*** SUPPLIED DATA ***
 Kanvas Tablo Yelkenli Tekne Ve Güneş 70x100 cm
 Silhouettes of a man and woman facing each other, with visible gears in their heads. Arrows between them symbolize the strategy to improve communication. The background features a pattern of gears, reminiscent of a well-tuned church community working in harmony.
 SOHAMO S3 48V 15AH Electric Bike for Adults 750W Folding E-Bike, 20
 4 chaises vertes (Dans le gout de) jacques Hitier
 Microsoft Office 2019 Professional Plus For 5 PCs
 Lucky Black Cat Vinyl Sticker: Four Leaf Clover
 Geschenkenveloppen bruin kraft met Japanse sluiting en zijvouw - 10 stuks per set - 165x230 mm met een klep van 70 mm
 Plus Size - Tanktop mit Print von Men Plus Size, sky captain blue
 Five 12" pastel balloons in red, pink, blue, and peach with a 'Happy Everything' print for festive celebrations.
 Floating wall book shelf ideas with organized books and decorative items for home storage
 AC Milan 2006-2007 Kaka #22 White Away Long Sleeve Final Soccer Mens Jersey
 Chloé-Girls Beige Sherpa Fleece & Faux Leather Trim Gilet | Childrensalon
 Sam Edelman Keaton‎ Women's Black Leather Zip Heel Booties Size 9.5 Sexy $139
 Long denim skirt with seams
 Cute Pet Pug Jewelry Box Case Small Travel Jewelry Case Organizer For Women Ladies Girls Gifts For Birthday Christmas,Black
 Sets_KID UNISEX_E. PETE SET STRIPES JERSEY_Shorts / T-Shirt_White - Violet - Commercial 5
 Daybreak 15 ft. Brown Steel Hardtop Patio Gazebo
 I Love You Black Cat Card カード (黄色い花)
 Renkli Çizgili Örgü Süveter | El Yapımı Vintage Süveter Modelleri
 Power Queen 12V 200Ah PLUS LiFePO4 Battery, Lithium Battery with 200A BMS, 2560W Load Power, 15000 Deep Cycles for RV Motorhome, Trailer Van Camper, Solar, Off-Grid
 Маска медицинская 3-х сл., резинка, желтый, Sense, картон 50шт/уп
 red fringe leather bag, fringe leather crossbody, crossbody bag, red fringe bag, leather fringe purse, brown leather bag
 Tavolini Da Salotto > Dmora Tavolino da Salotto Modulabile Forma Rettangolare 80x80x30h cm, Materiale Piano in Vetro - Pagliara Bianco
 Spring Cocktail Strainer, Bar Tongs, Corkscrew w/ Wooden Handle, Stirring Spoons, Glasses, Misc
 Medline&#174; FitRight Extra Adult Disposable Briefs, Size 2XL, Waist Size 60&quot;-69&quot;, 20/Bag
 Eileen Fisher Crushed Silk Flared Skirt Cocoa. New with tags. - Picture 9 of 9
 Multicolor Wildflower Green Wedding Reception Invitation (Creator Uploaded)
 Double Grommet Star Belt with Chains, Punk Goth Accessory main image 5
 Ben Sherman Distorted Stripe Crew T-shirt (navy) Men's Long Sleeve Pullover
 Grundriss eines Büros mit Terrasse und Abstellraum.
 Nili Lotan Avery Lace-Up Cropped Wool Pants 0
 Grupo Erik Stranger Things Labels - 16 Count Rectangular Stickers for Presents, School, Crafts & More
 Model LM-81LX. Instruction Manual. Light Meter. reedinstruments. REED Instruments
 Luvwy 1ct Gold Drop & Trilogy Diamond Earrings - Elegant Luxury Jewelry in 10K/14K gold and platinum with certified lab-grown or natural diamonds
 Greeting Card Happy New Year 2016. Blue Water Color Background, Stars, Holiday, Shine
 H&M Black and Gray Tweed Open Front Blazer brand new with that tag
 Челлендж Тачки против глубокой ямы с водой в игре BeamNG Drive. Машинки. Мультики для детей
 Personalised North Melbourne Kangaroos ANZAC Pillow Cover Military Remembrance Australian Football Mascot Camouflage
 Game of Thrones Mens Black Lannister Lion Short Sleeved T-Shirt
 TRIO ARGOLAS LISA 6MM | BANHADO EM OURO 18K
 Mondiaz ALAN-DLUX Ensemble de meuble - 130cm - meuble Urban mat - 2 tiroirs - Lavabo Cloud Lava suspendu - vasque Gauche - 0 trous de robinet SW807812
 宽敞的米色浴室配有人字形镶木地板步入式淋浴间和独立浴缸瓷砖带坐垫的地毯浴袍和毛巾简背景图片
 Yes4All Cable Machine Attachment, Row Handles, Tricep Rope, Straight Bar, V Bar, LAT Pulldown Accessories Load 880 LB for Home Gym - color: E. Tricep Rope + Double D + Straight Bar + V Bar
*** End of SUPPLIED DATA ***
▶ _REQUIRED WORK_: Counting only those lines of the data above where the word "Jewelry" appears, give the number and nothing more.

▶ _WORKED SOLUTION_: 2